Study material START
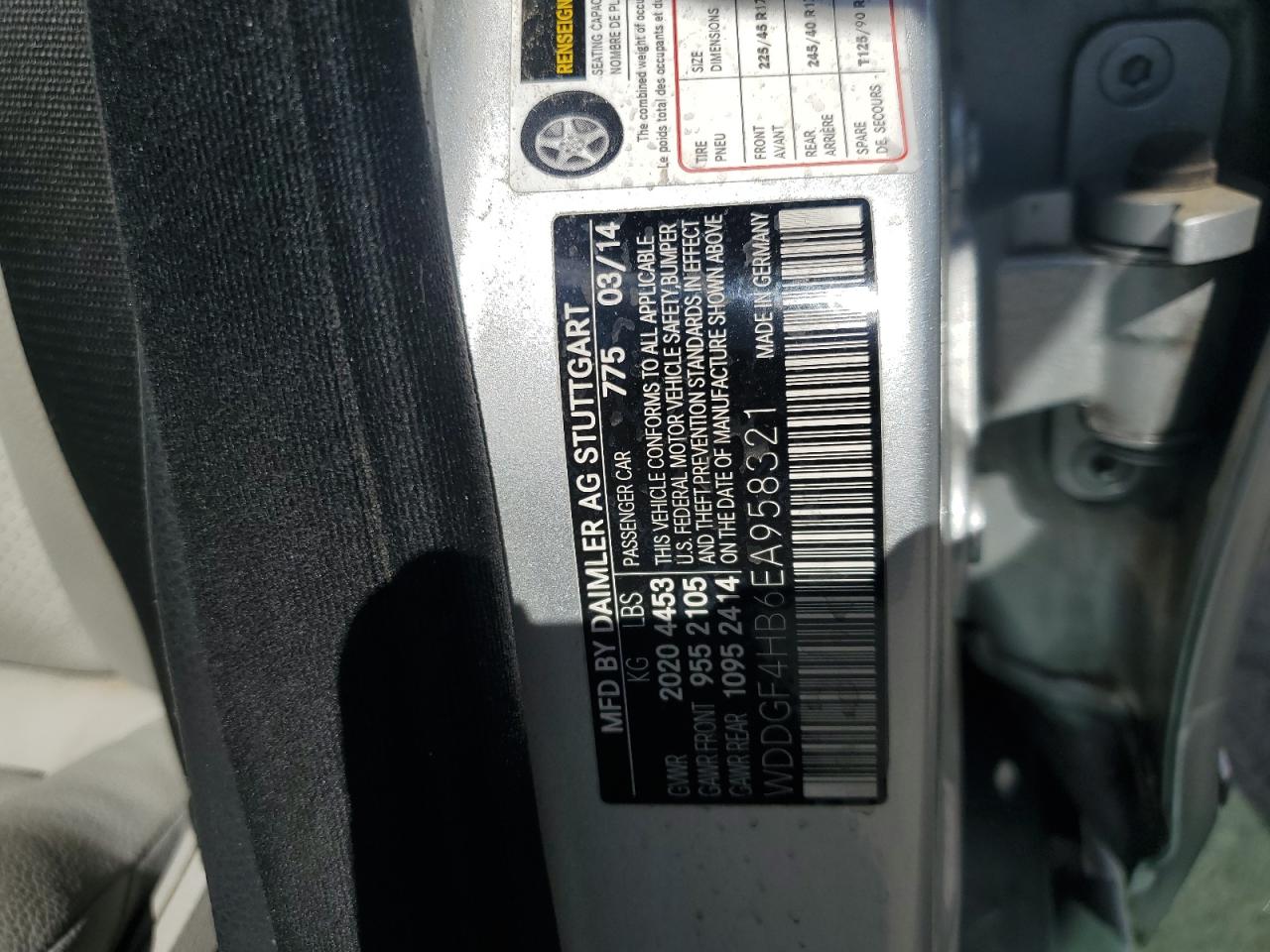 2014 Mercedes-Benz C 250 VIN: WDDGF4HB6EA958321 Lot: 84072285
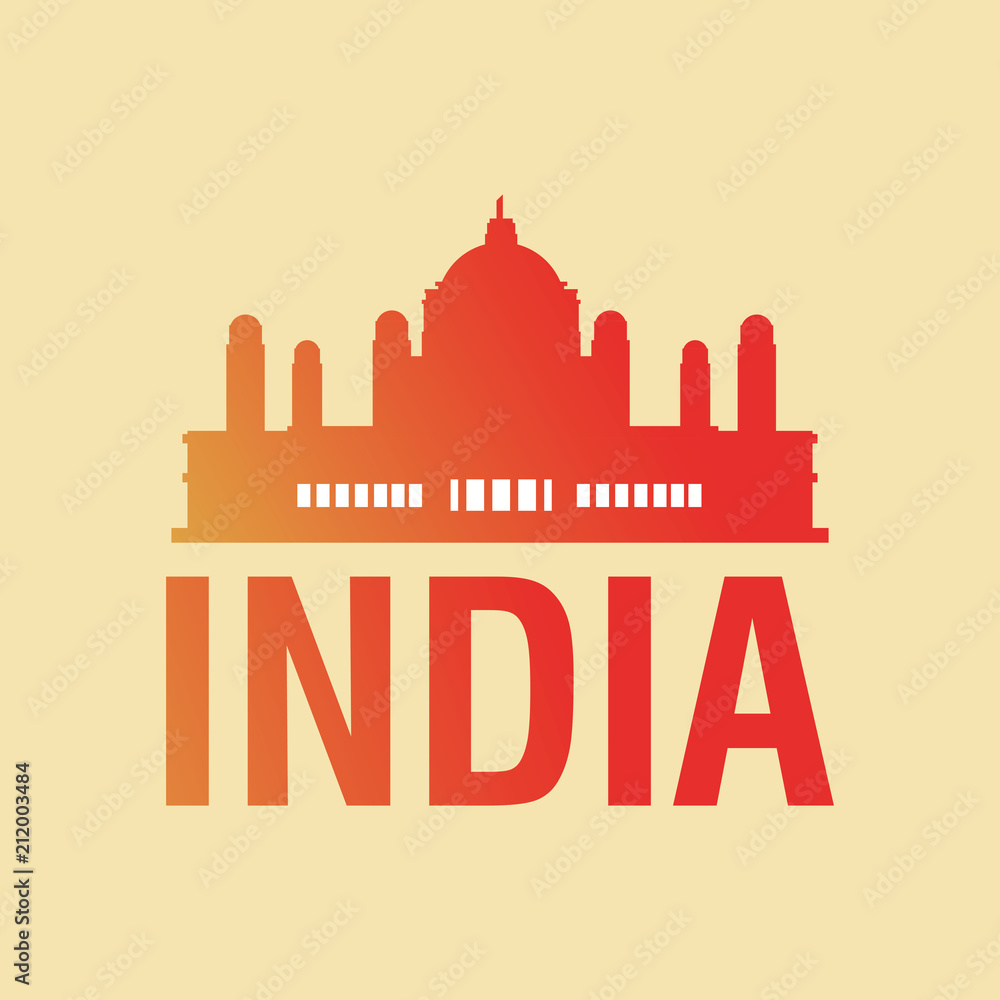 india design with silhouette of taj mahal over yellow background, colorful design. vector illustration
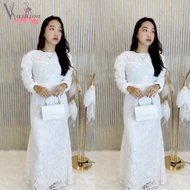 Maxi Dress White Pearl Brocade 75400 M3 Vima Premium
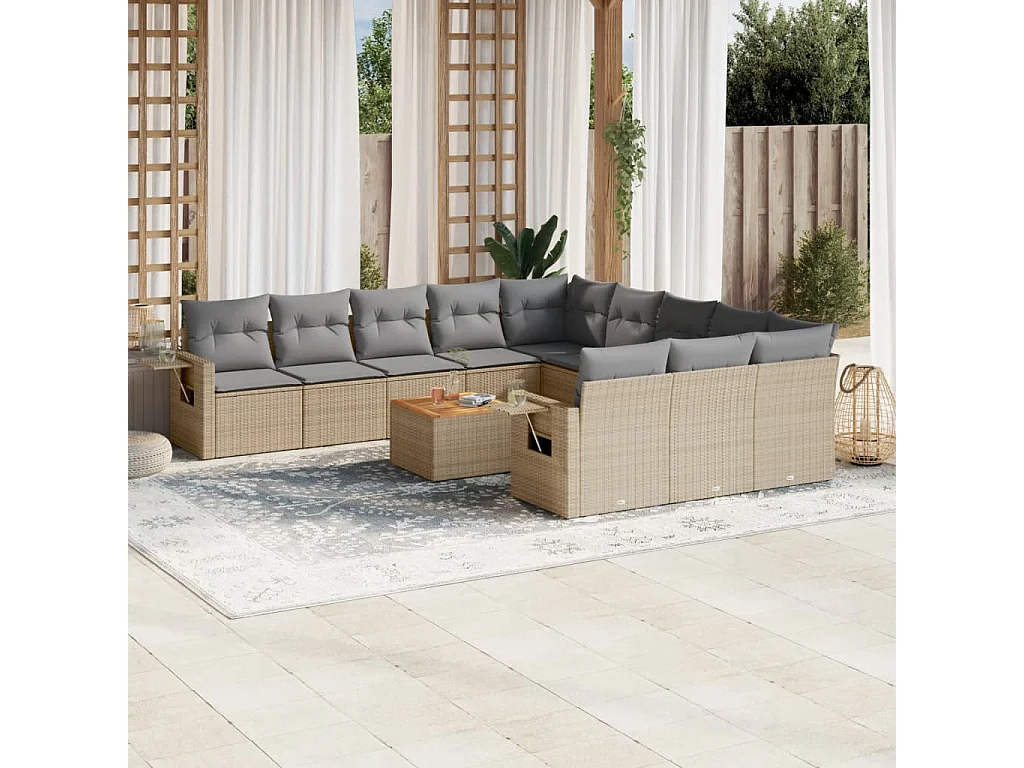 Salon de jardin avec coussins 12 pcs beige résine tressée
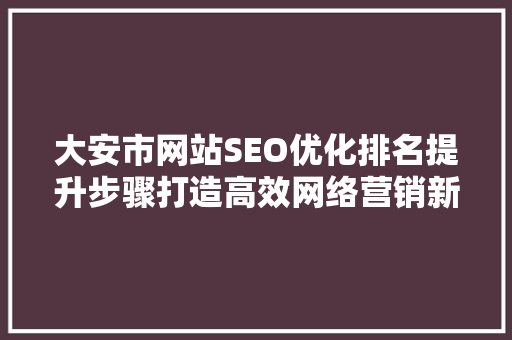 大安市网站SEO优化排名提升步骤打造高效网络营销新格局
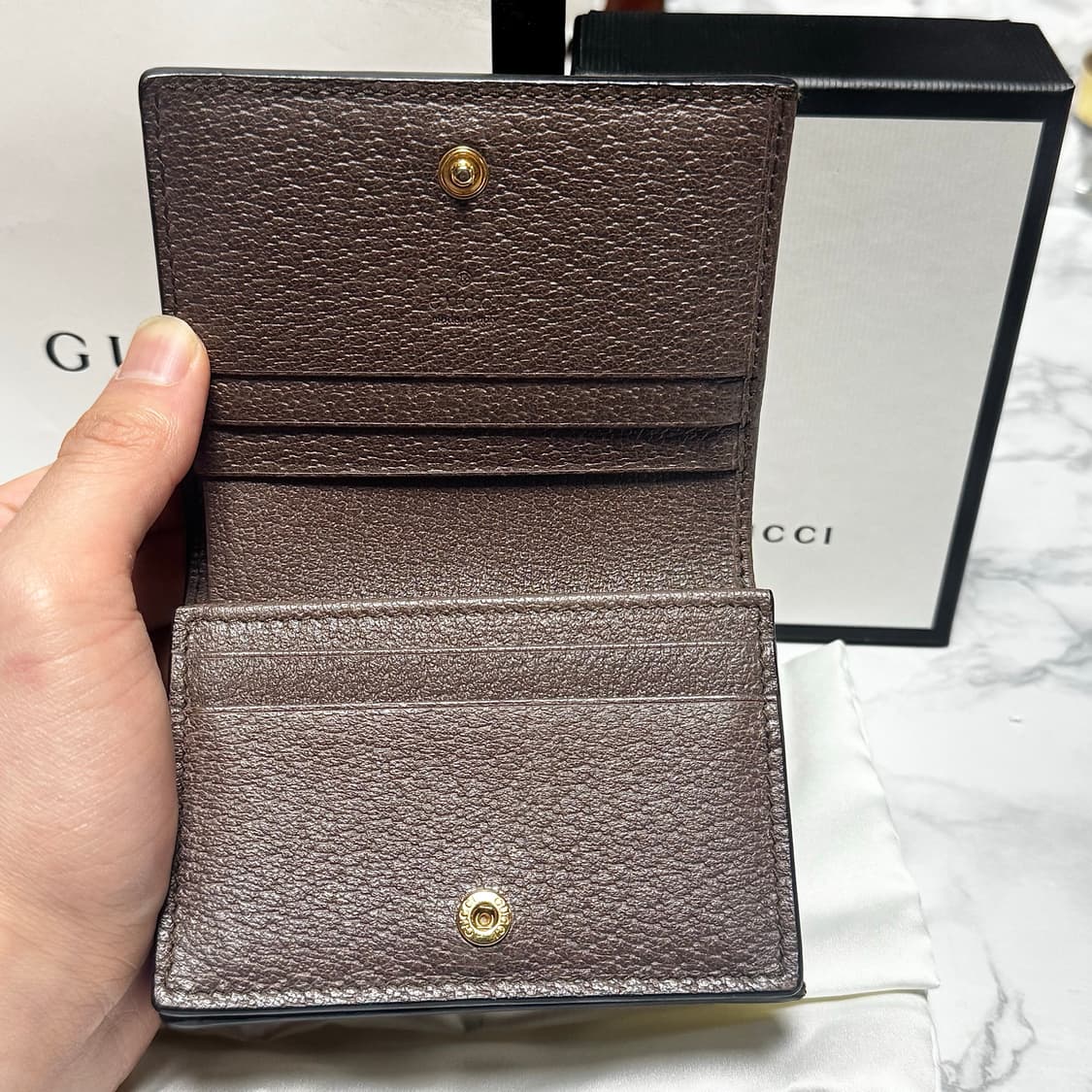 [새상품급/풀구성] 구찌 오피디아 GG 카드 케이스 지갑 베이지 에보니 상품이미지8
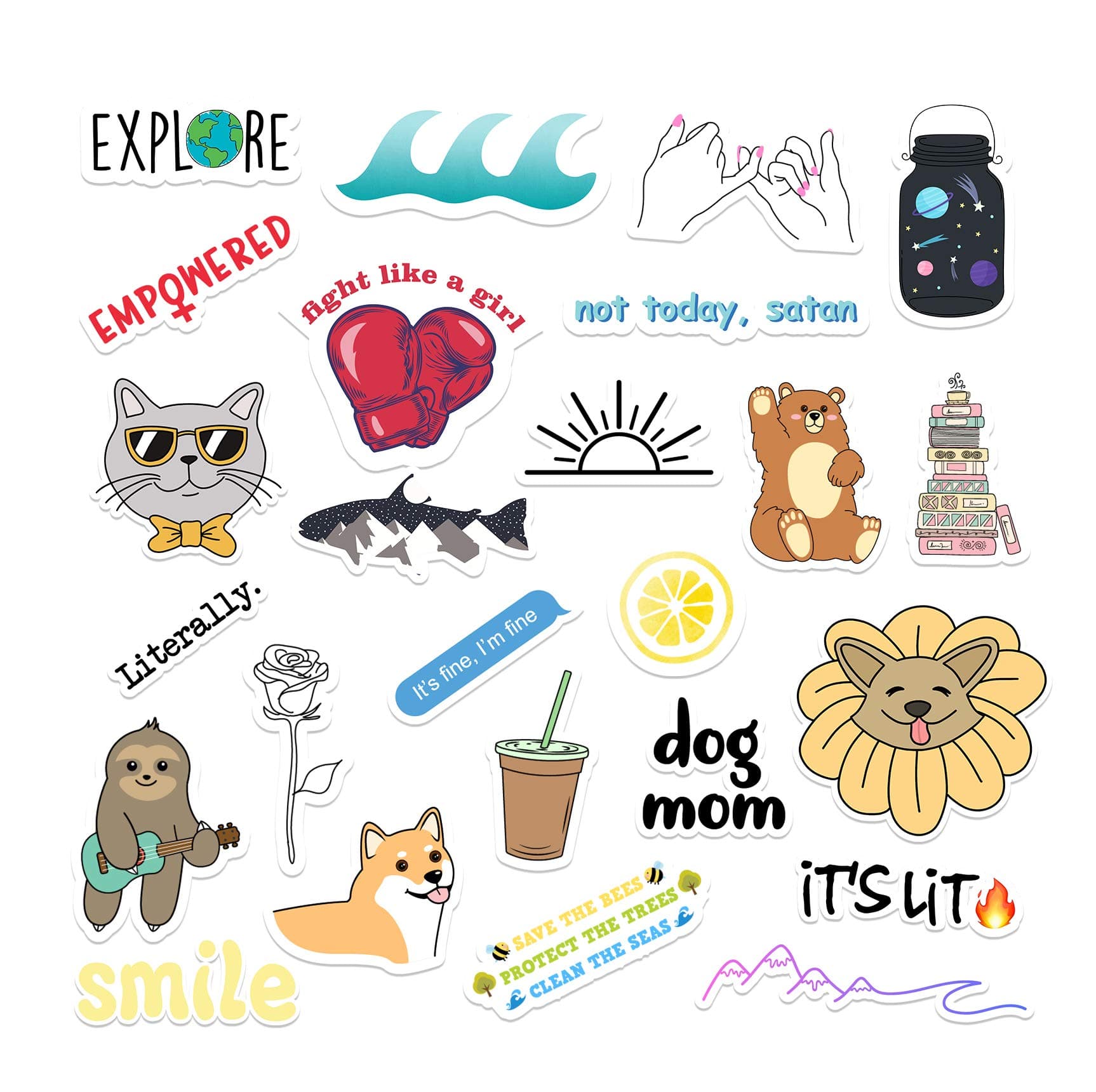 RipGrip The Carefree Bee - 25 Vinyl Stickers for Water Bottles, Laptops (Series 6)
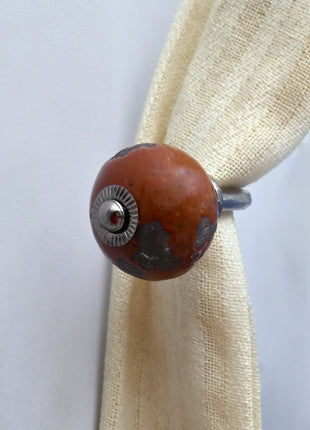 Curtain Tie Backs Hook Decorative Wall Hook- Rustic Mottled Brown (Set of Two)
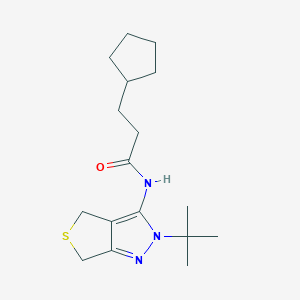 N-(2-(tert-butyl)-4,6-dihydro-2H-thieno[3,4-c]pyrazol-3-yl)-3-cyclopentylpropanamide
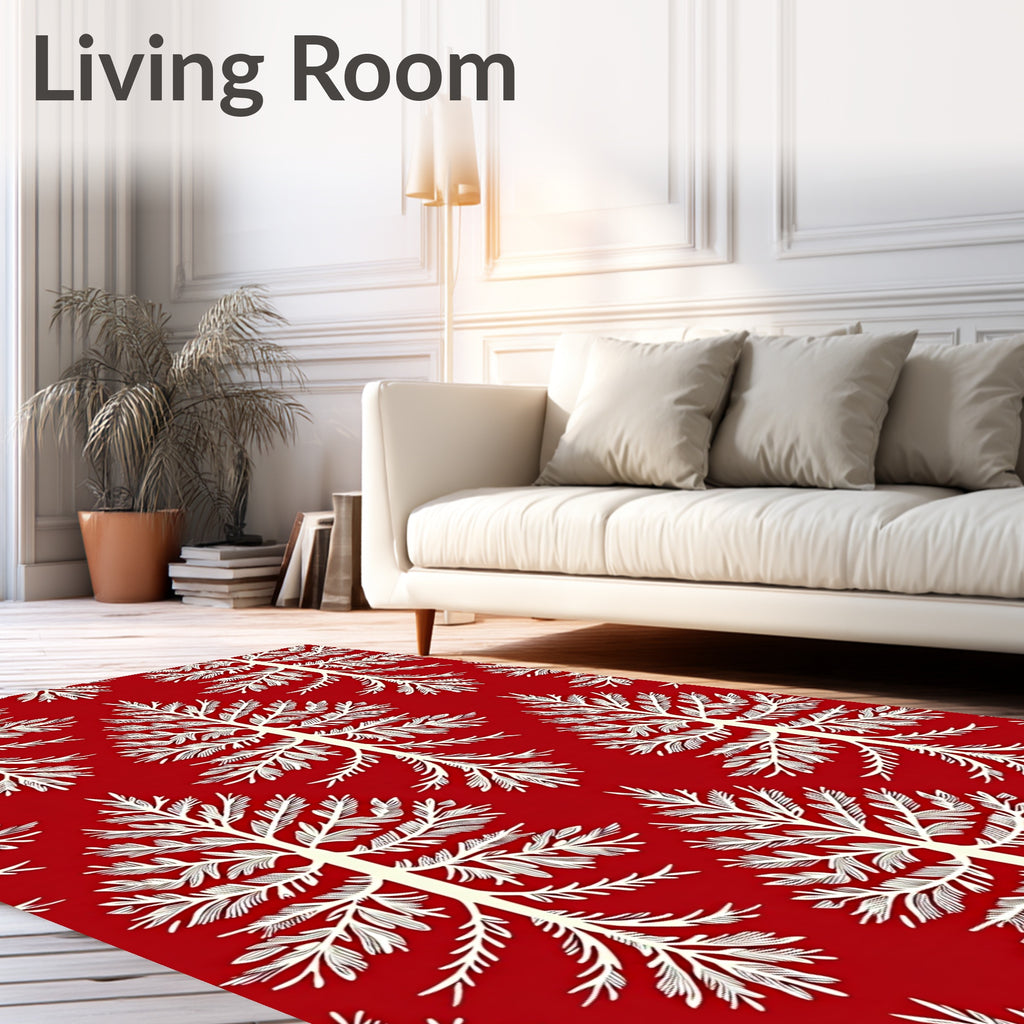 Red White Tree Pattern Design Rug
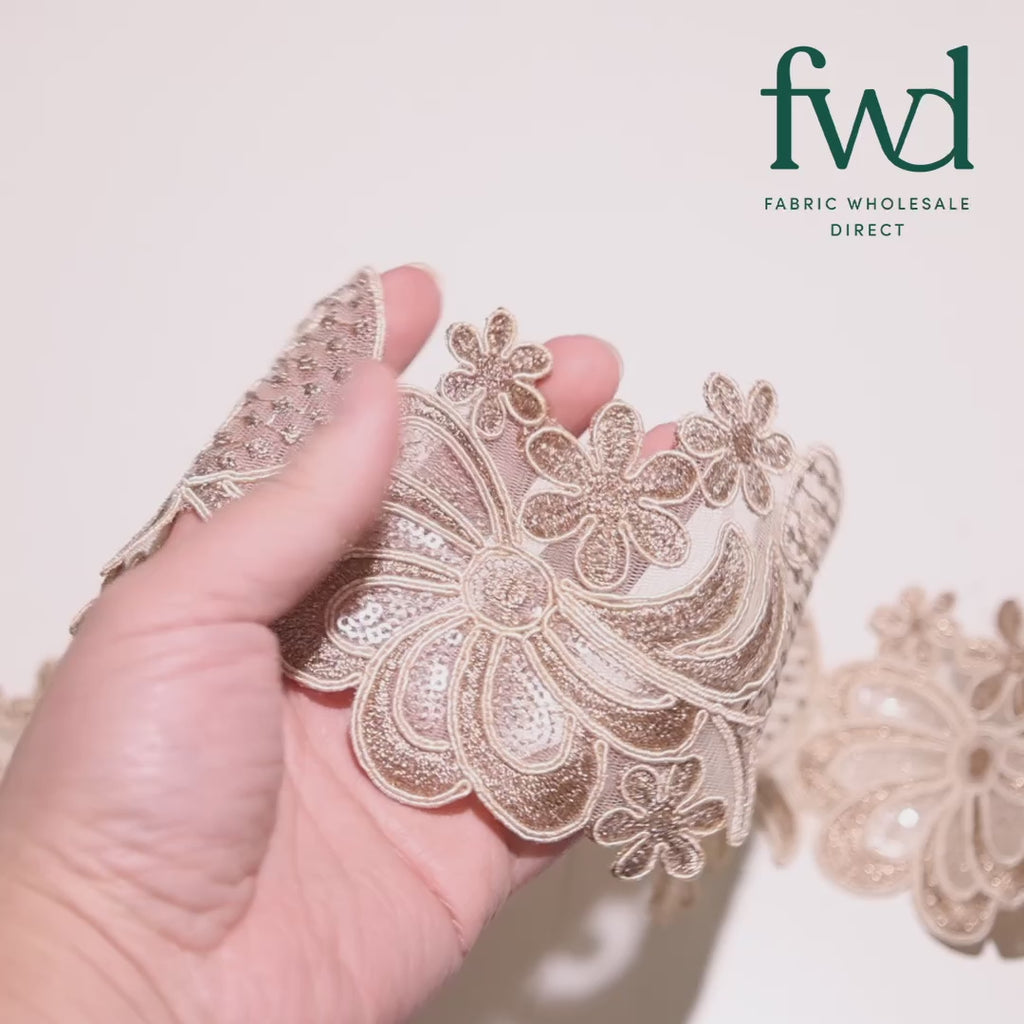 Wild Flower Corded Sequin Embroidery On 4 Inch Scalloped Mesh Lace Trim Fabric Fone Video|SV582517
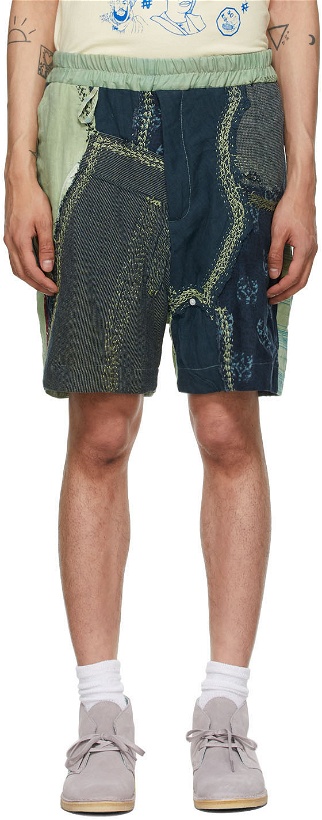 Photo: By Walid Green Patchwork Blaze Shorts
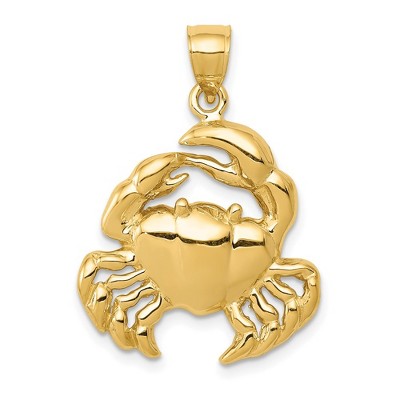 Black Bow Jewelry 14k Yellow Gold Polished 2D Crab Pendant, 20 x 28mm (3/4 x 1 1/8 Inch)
Study material END
Please retype exactly the lines from the one containing "Curtain Tie Backs" through the last line of the records, both included, leaving out every picture.

» **Response to the exercise**:
 Curtain Tie Backs Hook Decorative Wall Hook- Rustic Mottled Brown (Set of Two)
 N-(2-(tert-butyl)-4,6-dihydro-2H-thieno[3,4-c]pyrazol-3-yl)-3-cyclopentylpropanamide
 Red White Tree Pattern Design Rug
 Wild Flower Corded Sequin Embroidery On 4 Inch Scalloped Mesh Lace Trim Fabric Fone Video|SV582517
 Photo: By Walid Green Patchwork Blaze Shorts
 Black Bow Jewelry 14k Yellow Gold Polished 2D Crab Pendant, 20 x 28mm (3/4 x 1 1/8 Inch)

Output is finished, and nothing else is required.